Another group are told in an assembly: "The disbelievers, they are the worst of all people. The Hindus do, they drink piss, I've told you this. Do they have any intellect? No."

After meeting West Midlands police, headteacher Mujahid Aziz said half-term would begin a week early. Pupils will not return to classes until March.

"What people will see in that clip is completely contrary to what we teach at the school about harmony and awareness of different faiths," said Aziz. "Our concern now is for the safety of children and people coming to the mosque, because we are worried that some people will get completely the wrong impression once they have watched this programme."

John Hemming, the Liberal Democrat MP for Birmingham Yardley, criticised the documentary: "If Channel 4 thinks this is a school where racism and intolerance is accepted in any way, they have got their facts seriously wrong. [The school] have already had hate mail, and now they are having to close for the safety of their pupils. This kind of documentary is ideal fodder for the [far-right] English Defence League. Channel 4 is putting the safety of children at risk by criticising a school which is doing its job properly."

Dispatches reporter Tazeen Ahmad claimed the footage was evidence of a "hardline, intolerant and highly antisocial version of Islam" taught in independent Islamic schools.

A Channel 4 spokesman said: "This investigation, which is clearly in the public interest, shows secret footage of numerous adults on different occasions teaching pupils as young as 11 years of age contempt for other religions and wider society. We stand by our investigation and think the programme speaks for itself."

Channel 4 said it was aware of the Yorkshire arrest, but had no plans to change its documentary; the broadcast would "fairly reflect the latest developments in our investigation".

A previous Dispatches documentary in Birmingham investigated the alleged preaching of hate and extremism in mosques and Islamic centres.

West Midlands police investigated o see whether criminal offences had been committed but found there was insufficient evidence to bring charges, and subsequently complained to OfCom, which rejected the complaint.

The documentary makers then began a libel action against West Midlands police and the Crown Prosecution Service for accusing them of distortion; they apologised to Hardcash Productions and agreed to pay £100,000.

The Department for Education said: "We cannot comment on individual cases, but any allegation of harsh physical punishment or the teaching of extremism in madrasas is very concerning. Abuse and harm to children is unacceptable and any allegations should be reported to the police." Inspectors had the "experience, knowledge of the faith curriculum and language skills" to inspect such schools with the rigour and objectivity required.

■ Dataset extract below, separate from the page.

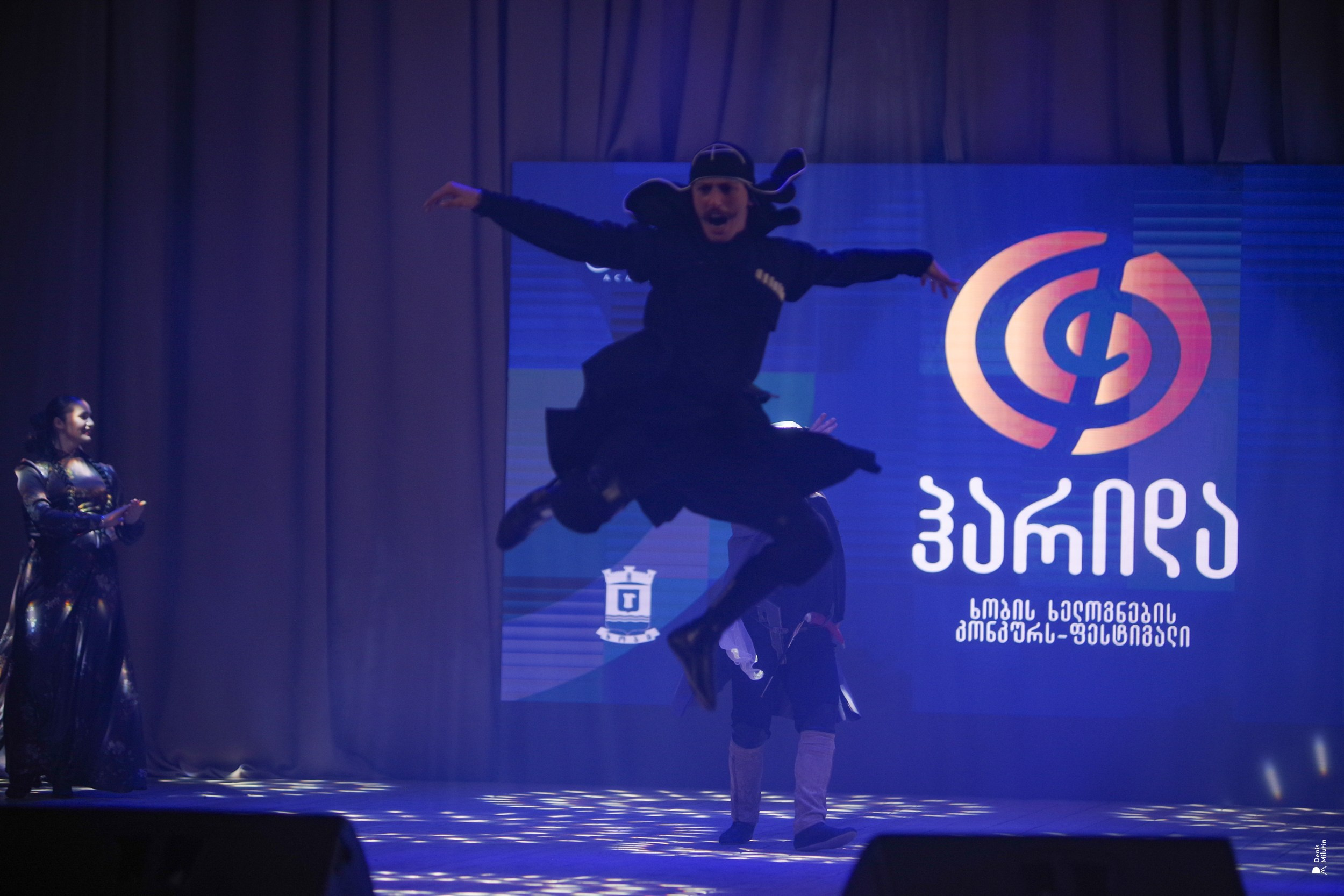 Танцы в Хоби. Портретный фотограф Денис Милютин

The Saudi Roots of an Accused Assassin
By Joel Mowbray
FrontPageMagazine.com | December 20, 2005

When a young American, barely into adulthood, coolly explained in a videotaped confession why he decided to join al Qaeda, one thing he said in particular could indicate that the threat we face is both broader and deeper than realized.

The video, which was recorded by Saudi officials and shown to jurors in the U.S. after being approved by a judge, shows now 24-year-old Abu Ali explaining his motivation for joining al Qaeda—and eventually plotting to assassinate George W. Bush.  (It was first shown publicly by NBC News, shortly after Ali was convicted late last month.)

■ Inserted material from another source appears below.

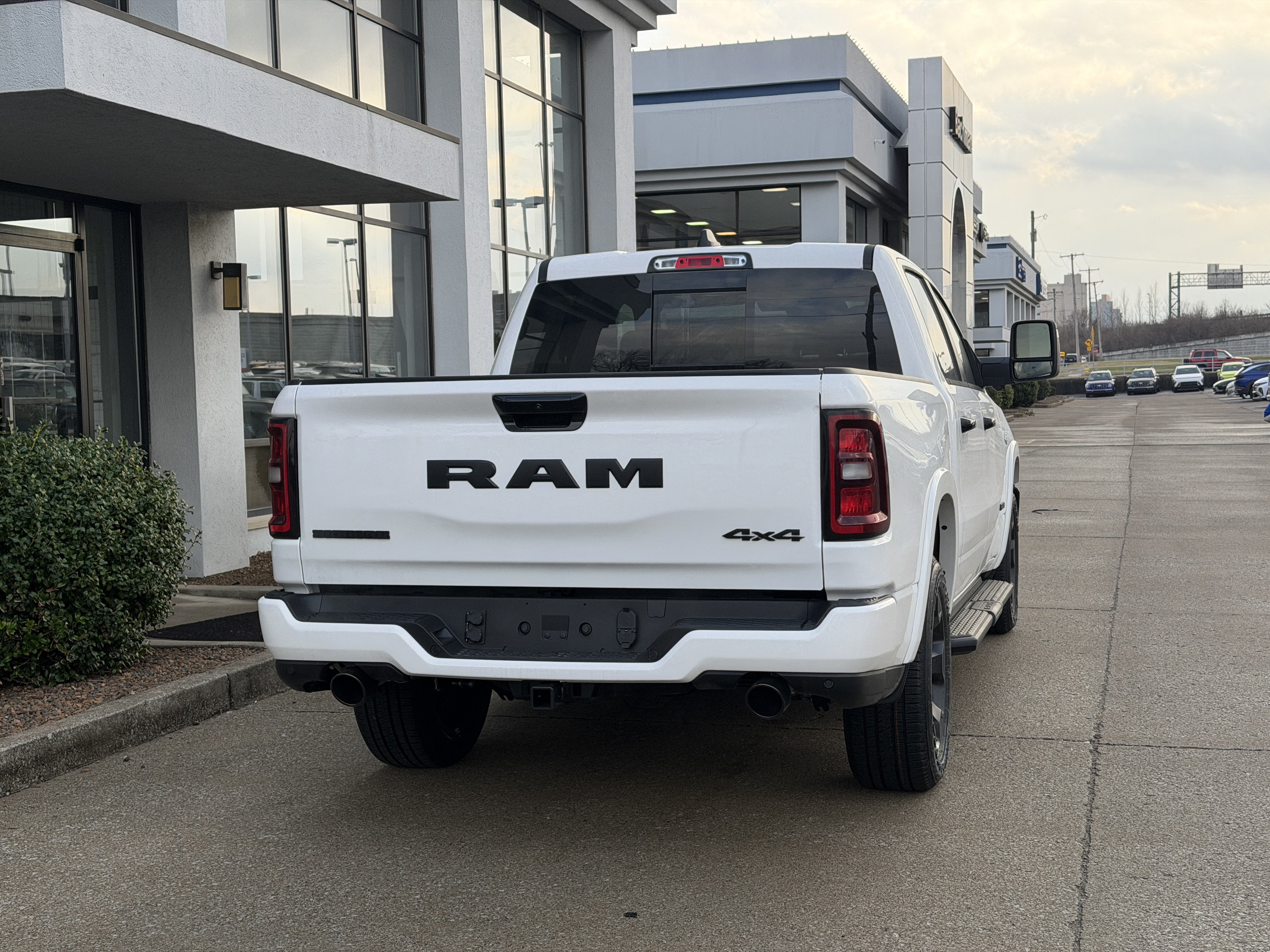 New 2026 RAM 1500 Big Horn AWD/4WD image 5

Because Abu Ali pursued religious studies in Saudi Arabia—after graduating as valedictorian from the Saudi Academy in Northern Virginia—his case has generally not been considered one of homegrown terrorism.  Yet while it is impossible to pinpoint one exact moment where the al Qaeda operative was radicalized, the seeds of his poisonous beliefs were likely sown in the United States, not overseas.

And the indoctrination that ensnared Abu Ali could be taking place in mosques and Islamic schools in large cities and small towns.

Making Ali’s experience more ominous is what inspired him to wage holy war against his home country.  It doesn’t appear to have been—as least as his primary reason—a taste for blood or a lust for violence.  As Ali explained, he was approached in 2002 by an al Qaeda recruiter in Saudi Arabia and asked to join the Jihad, and “I immediately accepted because of my hatred of the U.S.”

More baffling than how he could hate the country of his birth so much that he was willing to give his own life to help destroy it is his reason.  What drove Ali into the arms of al Qaeda was rhetoric that can be found across the United States, not to mention Europe and the Arab world. 

It is the kind of thing uttered by Arab leaders, retired U.S. State Department officials, and most pervasively, by college professors.  His pathological hatred stemmed from “what I felt was [the U.S.’s] support of Israel against the Palestinian people.”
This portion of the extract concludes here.